Huckabee wants to be regarded as the guy who can appeal to downscale, blue-collar voters in rustbelt Ohio every bit as much as the weekly churchgoers in Le Mars, Iowa, or Greenville, S.C. But in Iowa, in particular--where 60 percent of 2008 GOP caucus-goers identified themselves as evangelicals--there is no doubt that it is his deep connection to the religious right that makes him so formidable.

On the hot-button issues that tend to motivate his base, Huckabee avoids fastidiously even the faintest whiff of waffling--an approach that may scare a lot of national Republican strategists but one that rouses Hawkeye Republicans.

On no front is this approach more evident than in Huckabee's stalwart opposition to same-sex marriage.

In a radio interview earlier this month, he even offered the prospect of renouncing his party affiliation and becoming an independent if the GOP were to "abdicate" on the issue.

Huckabee now characterizes that pronouncement as a "rhetorical statement" rather than a "threat," but his intent to lay down a marker was clear.

No one's ever going to accuse Mike Huckabee of waffling on social issues.

But could his steadfastness on gay marriage prove to be an albatross in a general election setting?

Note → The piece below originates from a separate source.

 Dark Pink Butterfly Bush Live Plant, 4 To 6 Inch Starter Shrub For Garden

Huckabee doesn't think so.

Asked about the seismic shift toward public support for same-sex marriage in recent years--a change that has been most dramatic among younger voters--Huckabee purported to being unconcerned about the political ramifications for him and others who share his view.

"The long-term solution is stick to your principles," he said. "Because I think people--even if they disagree with you on the issue--what they don't want is a person who's always changing with the political winds."

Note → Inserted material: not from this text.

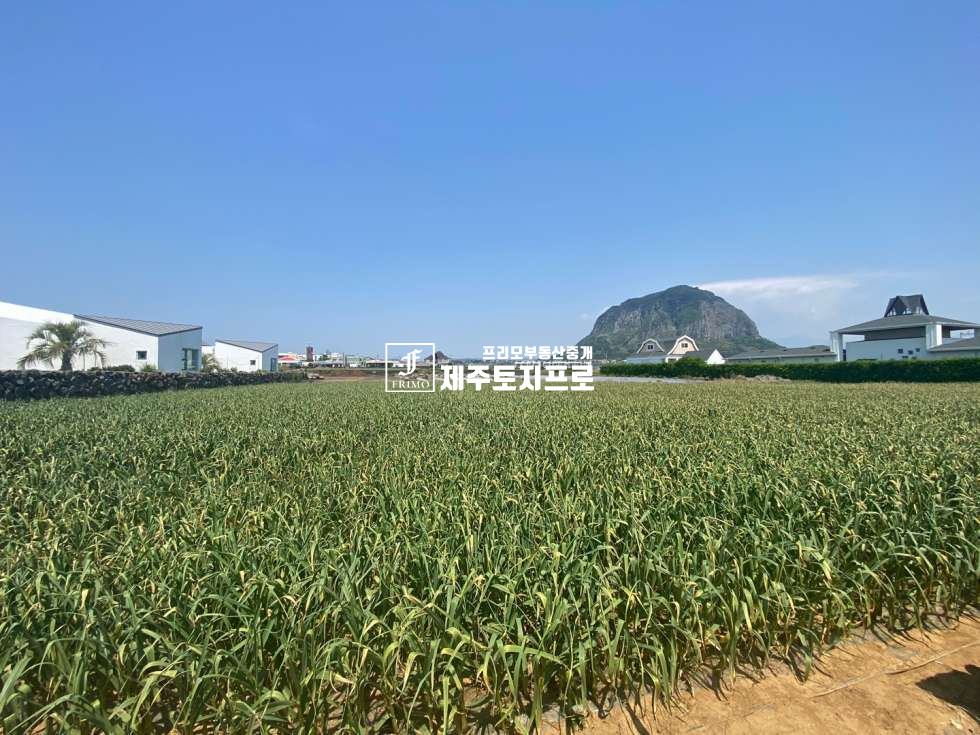 제주 서귀포시 안덕면 사계리 서귀포시 안덕면 사계리 도로 잘 접한 건축가능한 토지/뷰 최상의 위치/상가주택 및 농어촌민박 등 강력추천하는 토지 매매 매물번호 10022 사진 8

Huckabee added that he "absolutely" believes popular opinion on the issue could swing back toward his view. He pointed to a pair of specific cases -- where pastors and wedding vendors were facing judicial scrutiny -- as evidence that proponents of same-sex marriage had gone too far.

"Remember when everyone said it's not really going to affect anybody else?" he said. "Well, suddenly it's affecting everybody else. So here's the point: Everything that many of us said were reasons to not be for this wholesale change in the definition of marriage -- everything we've said has come true."

As his vehicle pulled into a private airport hanger, Huckabee's aides signaled to him that it was time to end the interview.

But he wasn't ready to go just yet. This was a topic that he relished delving into.

He pointed out that President Obama had opposed same-sex marriage as recently as 2½ years ago and had during the 2008 campaign explained that position by noting that "God is in the mix."

"The question I think someone should pose to Obama is, 'Were you lying then, or are you lying now, or did God rewrite the Scripture that you were basing your view on, and you were the only one who got the new version?'" Huckabee said, his intonation growing more animated as an aide opened the door for him.

He remained seated in the vehicle.

"I mean, what else is there as an option?" Huckabee continued. "Some of us didn't get the new version, so we haven't just changed our decisions because it's a different political wind."

As he finally relented to his aides' entreaties and prepared to depart Iowa once again, Huckabee offered an additional thought:

"I think I can articulate that view and why it's important. Because I'm not afraid to talk about it."